The Trade: Washington receives Trae Young; Atlanta receives C.J. McCollum, Corey Kispert and some picks.
McCollum is in this deal to make the money work, he has an expiring $30.6 million contract. That said, he is averaging 18.6 points per game this season, is a veteran leader, and could be a boost for the remainder of the season in Atlanta.
Kispert is a rock-solid rotation wing shooting 39.5% from beyond the arc this season — which is why the Hawks won’t want to give him up and instead will push for something like the combination of Malaki Branham and AJ Johnson in the deal. That could be a sticking point.
The draft picks get interesting — there are front offices around the league that feel Atlanta should have to send picks out with Young to get a team to take on that contract. The Hawks do not see it that way. Washington should not give up its own pick this year or anything of real value, but it does control Oklahoma City’s 2026 pick (technically, they get the worst of the Thunder, Rockets and Clippers, which will be OKC). That will very likely be the 30th pick, so the Wizards can throw it in and the Hawks can say they got a first-round pick. That’s the most valuable pick the Wizards should give up, other than just a second-rounder or two.
Minnesota Timberwolves
And we’re already into trades that I don’t like and/or don’t make much sense.
The argument for Minnesota to trade for Young is that they need shooting and a point guard, since Father Time quickly caught up with Mike Conley. The idea is that the team needs a boost if it is going to take a step forward from making the Western Conference Finals (as it has done the past two seasons), and Young could be that boost. Anthony Edwards, next to Young, has the potential to be explosive offensively, and with Rudy Gobert in the paint, they can cover up Young’s defensive shortcomings.
The problem is how much money Young makes and how much Minnesota has to give up in any trade.
The Trade: Minnesota receives Trae Young; Atlanta receives Naz Reid, Donte DiVincenzo, Mike Conley and a player on a minimum contract.

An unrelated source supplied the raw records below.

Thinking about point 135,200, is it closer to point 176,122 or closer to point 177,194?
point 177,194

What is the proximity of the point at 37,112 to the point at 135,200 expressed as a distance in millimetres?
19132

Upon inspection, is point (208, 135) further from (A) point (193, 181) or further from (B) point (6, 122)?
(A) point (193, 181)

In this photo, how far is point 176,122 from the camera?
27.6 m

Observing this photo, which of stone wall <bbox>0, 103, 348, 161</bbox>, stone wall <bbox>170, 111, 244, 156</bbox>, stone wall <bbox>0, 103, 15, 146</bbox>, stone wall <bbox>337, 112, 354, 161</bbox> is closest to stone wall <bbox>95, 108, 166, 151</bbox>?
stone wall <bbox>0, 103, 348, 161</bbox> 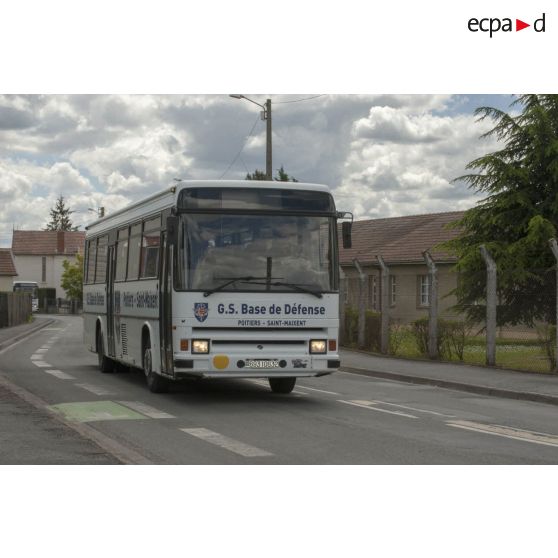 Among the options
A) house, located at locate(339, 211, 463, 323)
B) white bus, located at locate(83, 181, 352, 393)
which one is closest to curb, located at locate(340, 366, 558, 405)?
white bus, located at locate(83, 181, 352, 393)

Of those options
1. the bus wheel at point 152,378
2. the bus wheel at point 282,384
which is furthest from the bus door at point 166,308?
the bus wheel at point 282,384

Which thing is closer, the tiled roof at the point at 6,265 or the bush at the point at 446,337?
the bush at the point at 446,337

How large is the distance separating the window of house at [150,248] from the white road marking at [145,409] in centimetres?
201

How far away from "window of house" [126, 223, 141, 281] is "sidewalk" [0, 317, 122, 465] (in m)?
2.99

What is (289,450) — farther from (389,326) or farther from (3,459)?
(389,326)

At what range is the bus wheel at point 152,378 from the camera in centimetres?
1590

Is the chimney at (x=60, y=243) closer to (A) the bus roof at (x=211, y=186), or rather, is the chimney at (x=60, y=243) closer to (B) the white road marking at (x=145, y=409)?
(A) the bus roof at (x=211, y=186)

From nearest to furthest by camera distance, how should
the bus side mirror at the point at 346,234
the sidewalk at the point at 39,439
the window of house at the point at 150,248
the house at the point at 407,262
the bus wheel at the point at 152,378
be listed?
the sidewalk at the point at 39,439
the bus side mirror at the point at 346,234
the window of house at the point at 150,248
the bus wheel at the point at 152,378
the house at the point at 407,262

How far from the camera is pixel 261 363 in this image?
14.3 meters

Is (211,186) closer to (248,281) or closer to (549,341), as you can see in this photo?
(248,281)

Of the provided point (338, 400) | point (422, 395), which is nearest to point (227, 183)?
point (338, 400)

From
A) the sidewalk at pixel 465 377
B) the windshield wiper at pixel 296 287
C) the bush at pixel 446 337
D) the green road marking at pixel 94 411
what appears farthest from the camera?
the bush at pixel 446 337

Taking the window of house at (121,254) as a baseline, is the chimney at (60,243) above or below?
above

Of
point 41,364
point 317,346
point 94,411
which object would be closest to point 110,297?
point 41,364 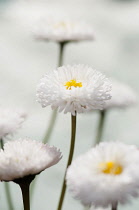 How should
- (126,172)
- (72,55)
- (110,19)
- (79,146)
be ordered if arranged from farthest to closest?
(110,19) → (72,55) → (79,146) → (126,172)

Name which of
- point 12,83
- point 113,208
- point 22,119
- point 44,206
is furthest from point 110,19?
point 113,208

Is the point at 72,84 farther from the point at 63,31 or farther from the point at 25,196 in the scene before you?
the point at 63,31

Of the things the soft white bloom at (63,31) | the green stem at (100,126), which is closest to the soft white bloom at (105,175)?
the green stem at (100,126)

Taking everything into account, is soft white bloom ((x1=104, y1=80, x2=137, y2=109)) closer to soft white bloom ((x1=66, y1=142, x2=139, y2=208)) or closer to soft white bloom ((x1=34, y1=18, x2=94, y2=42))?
soft white bloom ((x1=34, y1=18, x2=94, y2=42))

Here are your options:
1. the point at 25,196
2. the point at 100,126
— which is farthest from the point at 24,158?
the point at 100,126

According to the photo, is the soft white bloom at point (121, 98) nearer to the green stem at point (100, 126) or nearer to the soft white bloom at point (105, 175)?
the green stem at point (100, 126)

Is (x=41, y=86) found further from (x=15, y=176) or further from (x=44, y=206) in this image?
(x=44, y=206) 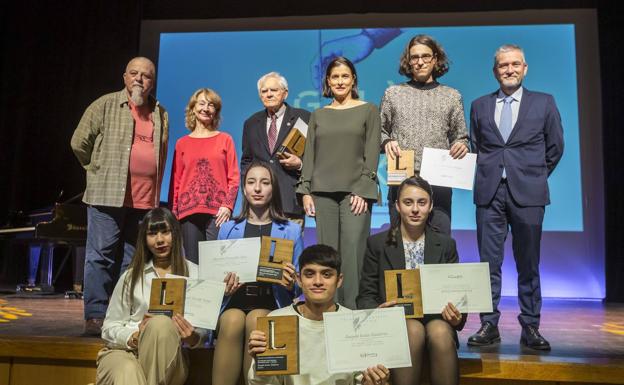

What has made Minnesota so dangerous the past few years is its depth and versatility, and this four-for-one trade sacrifices it. Minnesota is a good 23-13 this season, and while that is still sixth in the West the Timberwolves are a game out of the top four and hosting a round in the playoffs, and 2.5 games out of being the No. 2 seed. This is not a team in need of a dramatic shakeup of roster and style, and that’s what Young brings to the table.
While this trade can be manipulated to bring in a third team and maybe send out Julius Randle instead, the issue comes back to the reality that it’s hard to see how any of these trades would make Minnesota better. This is not a deal they should be involved in.
Milwaukee Bucks
Milwaukee is buying, not selling, heading into the trade deadline — it wants to enhance a team that believes it can still be a threat in a wide-open East and in doing so impress Giannis Antetokounmpo. The Bucks need more talent — more shot creation and shooting around Antetokounmpo — and Young is the biggest name on the board. Sure, the Antetokounmpo and Damian Lillard pairing didn’t work, but the Bucks can try to convince themselves that this would be different, no matter how much they have to give up.
For Atlanta, they could get help along the front line and maybe a future first-round pick… is that enough?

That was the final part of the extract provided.